EJ Dionne, a columnist for the Washington Post has written an insightful commentary on the importance of these debates and on the President’s role in them:
Given my social democratic leanings I would assert, for example, that equal opportunity—including the opportunity to participate fully in self-government—demands a far greater degree of economic security and equality than we currently enjoy. This is particularly true when it comes to access to health care, education, family time away from paid labor, and the chance to accumulate wealth.

You might push back and say that my proposals toward these ends impinge more than they should on individual freedom and require higher levels of taxation than you are willing to put up with. Or you might insist that I am focusing too much on economics and that promoting better personal values society-wide is more conducive to the nation's well-being than any of my programs for greater equity.

And, yes, we might quarrel about who has a right to join our political community and become part of our nation. …
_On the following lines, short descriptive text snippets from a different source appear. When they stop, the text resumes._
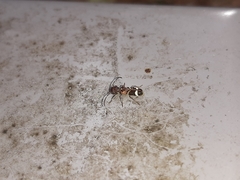 Psenocerus supernotatus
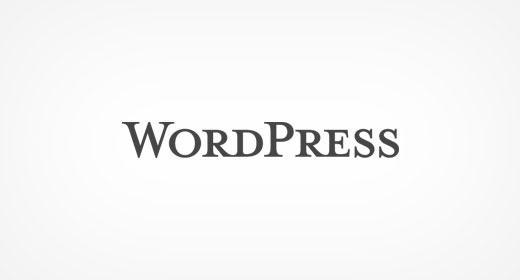 WordPress这个名字是由Christine Selleck Tremoulet提出的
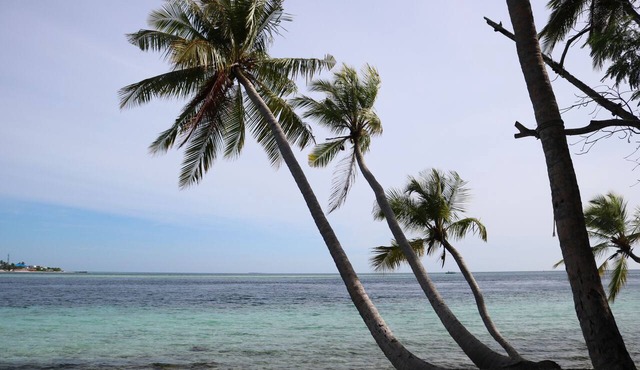 Maldives:Charming 5-bedroom lodge with AC in beautiful Fenfushi in Fenfushi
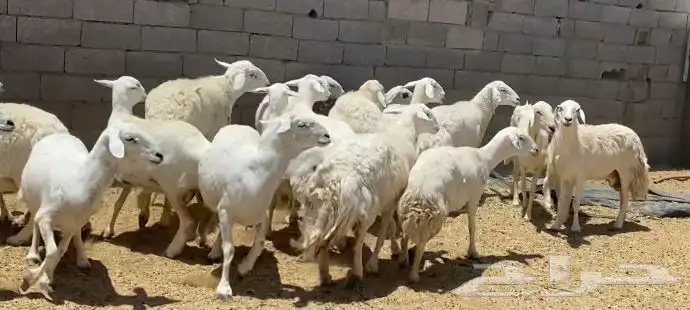 ضان حريات جروم كافه مقاني طيبه تم البيع 1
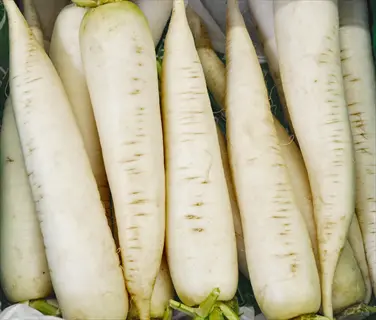 harvested white icicle radishes with long white roots and green tops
Such debates can be bitter, but democracy's health depends on our ability to hold our passions against each other in check and to offer each other at least some benefits of the doubt.

In our disagreements, I must accept you as a “legitimate rival.”  I must listen to you with respect.  I must argue against what you are saying and not attack you personally.  I must be willing at least to search for tolerable compromise.  Without such debate our country succumbs to acrimony and distrust, subverting our democracy.

There can be no question that our capacity to debate freely and openly has taken a profound hit over the last thirty-five years.  Our increasing polarization has made it very difficult to listen to one another.  We have shut down debate, either literally (shouting down speakers) or figuratively (listening to and reading only those who agree with us).  Compromise has too often become betrayal.  We have poisoned our democracy.

Dionne again:

Which, alas, brings us yet again to President Trump, who (no matter how much we want to) cannot be avoided at this moment because he threatens the conditions under which democracy can flourish.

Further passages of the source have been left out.